▶ WHAT IS REQUIRED:
Every line below should come back exactly as written, though the pictures stay out.

▶ DATASET EXCERPT:
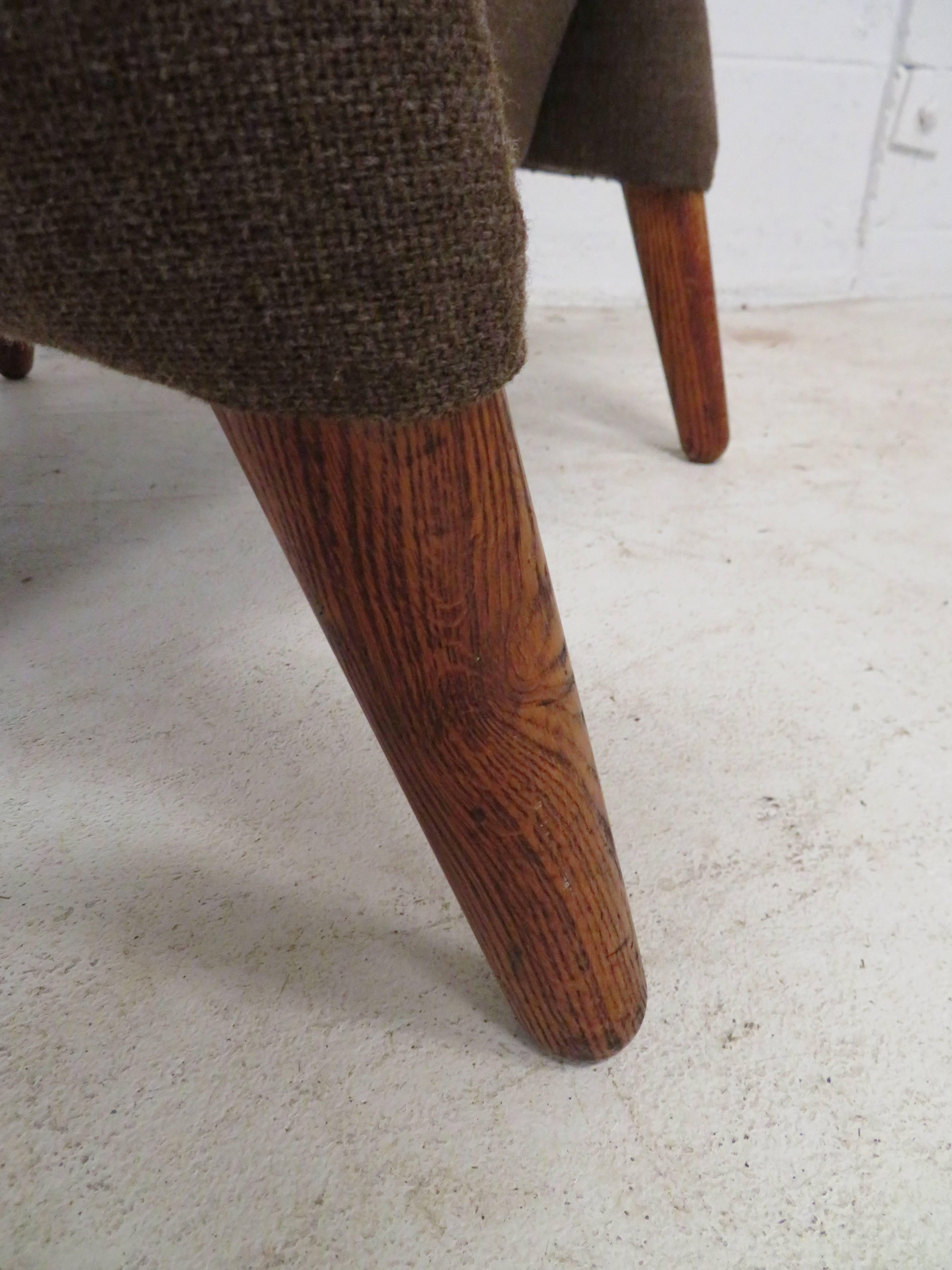 Guapo sillón de teca moderno de mediados de siglo Tapicería en venta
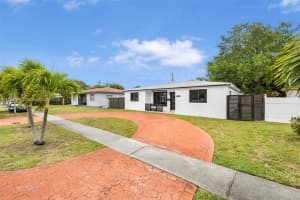 17001 NE 8th Pl, North Miami Beach, FL 33162, Sold 04/22/25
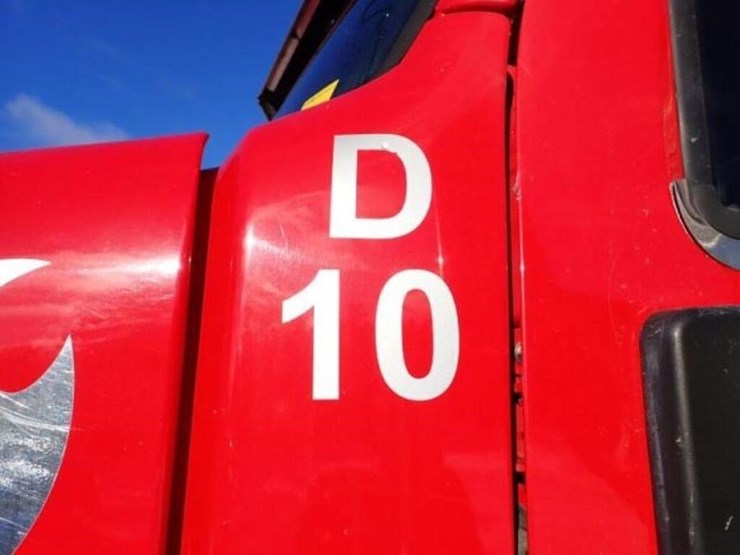 2016-peterbilt-567-image-9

▶ EXERCISE ANSWER:
 Guapo sillón de teca moderno de mediados de siglo Tapicería en venta
 17001 NE 8th Pl, North Miami Beach, FL 33162, Sold 04/22/25
 2016-peterbilt-567-image-9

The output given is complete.